▸ Prompt: Write out exactly the lines below starting at the one containing "Maria Do Ceu Magna Αλμπουφέιρα" and ending at the one containing "Toyota VOXY 2021-02 7621192-3". Omit every picture.

▸ Exercise data:
————

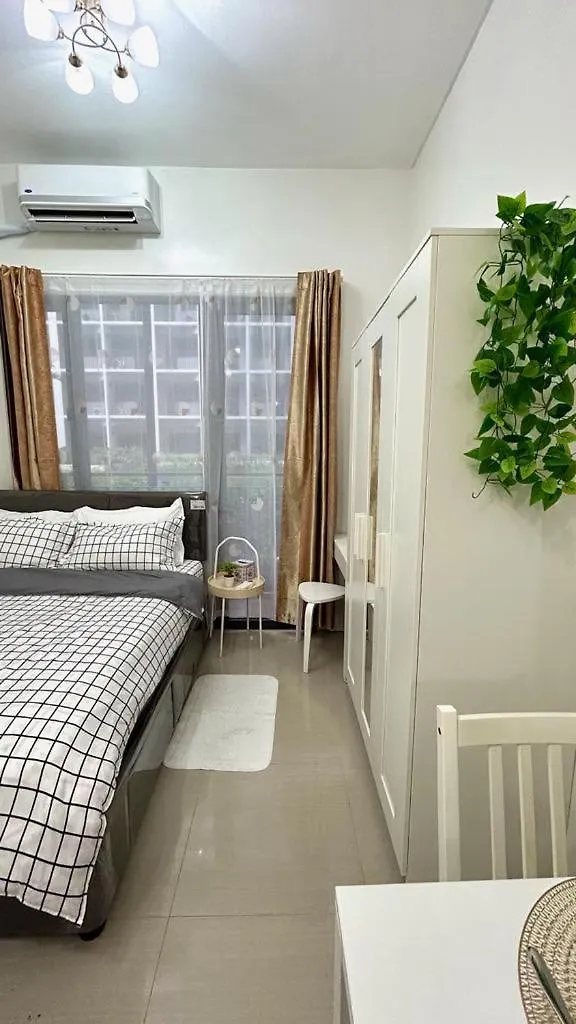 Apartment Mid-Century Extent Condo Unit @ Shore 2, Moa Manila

————

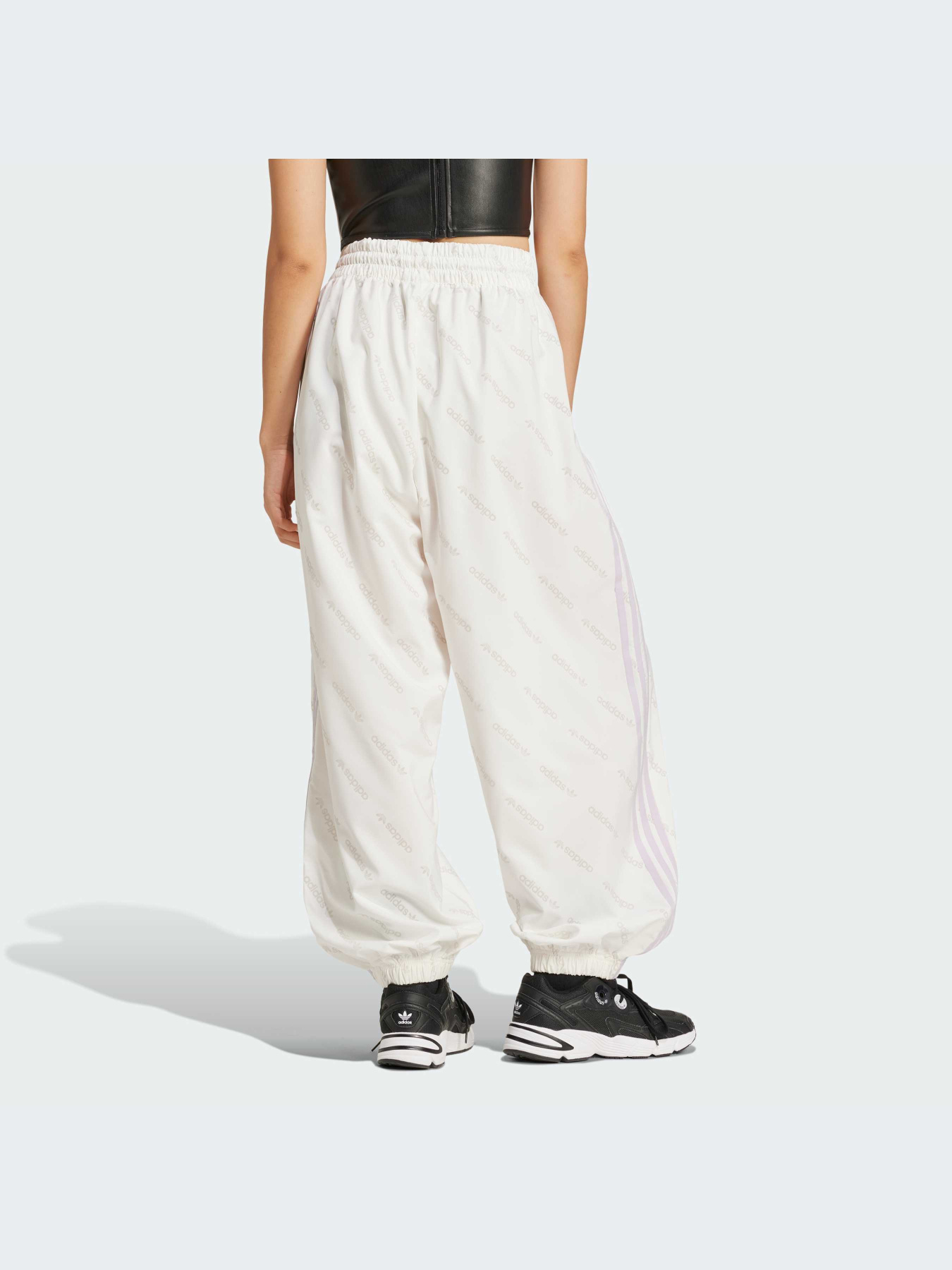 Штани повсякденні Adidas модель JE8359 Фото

————

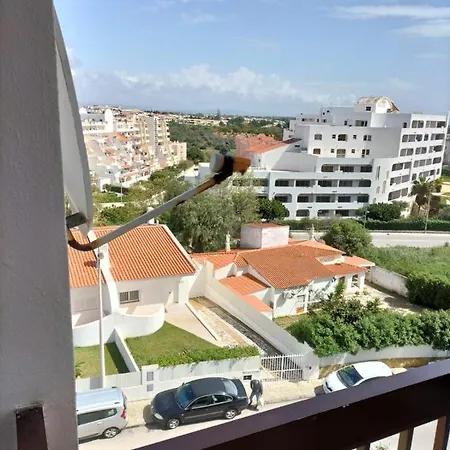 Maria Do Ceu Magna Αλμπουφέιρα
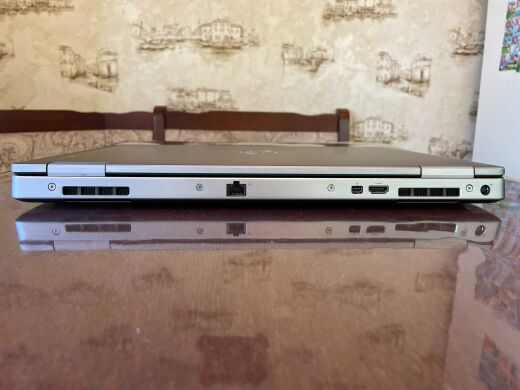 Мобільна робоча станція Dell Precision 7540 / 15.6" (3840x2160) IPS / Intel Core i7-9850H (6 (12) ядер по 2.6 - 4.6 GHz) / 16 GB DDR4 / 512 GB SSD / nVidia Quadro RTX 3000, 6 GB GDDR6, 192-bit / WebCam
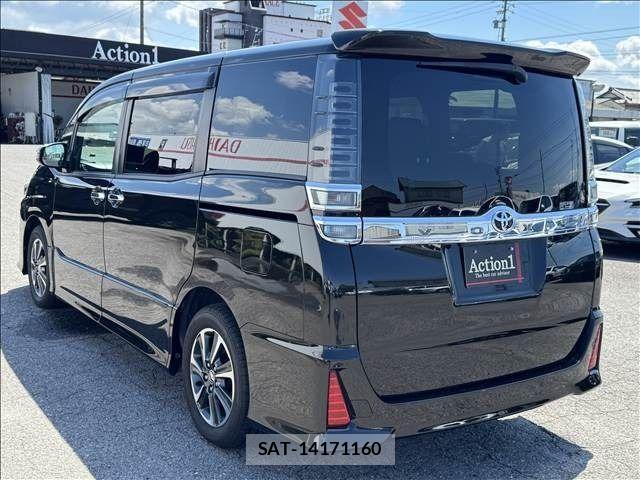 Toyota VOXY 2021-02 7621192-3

————

▸ Exercise solution:
 Maria Do Ceu Magna Αλμπουφέιρα
 Мобільна робоча станція Dell Precision 7540 / 15.6" (3840x2160) IPS / Intel Core i7-9850H (6 (12) ядер по 2.6 - 4.6 GHz) / 16 GB DDR4 / 512 GB SSD / nVidia Quadro RTX 3000, 6 GB GDDR6, 192-bit / WebCam
 Toyota VOXY 2021-02 7621192-3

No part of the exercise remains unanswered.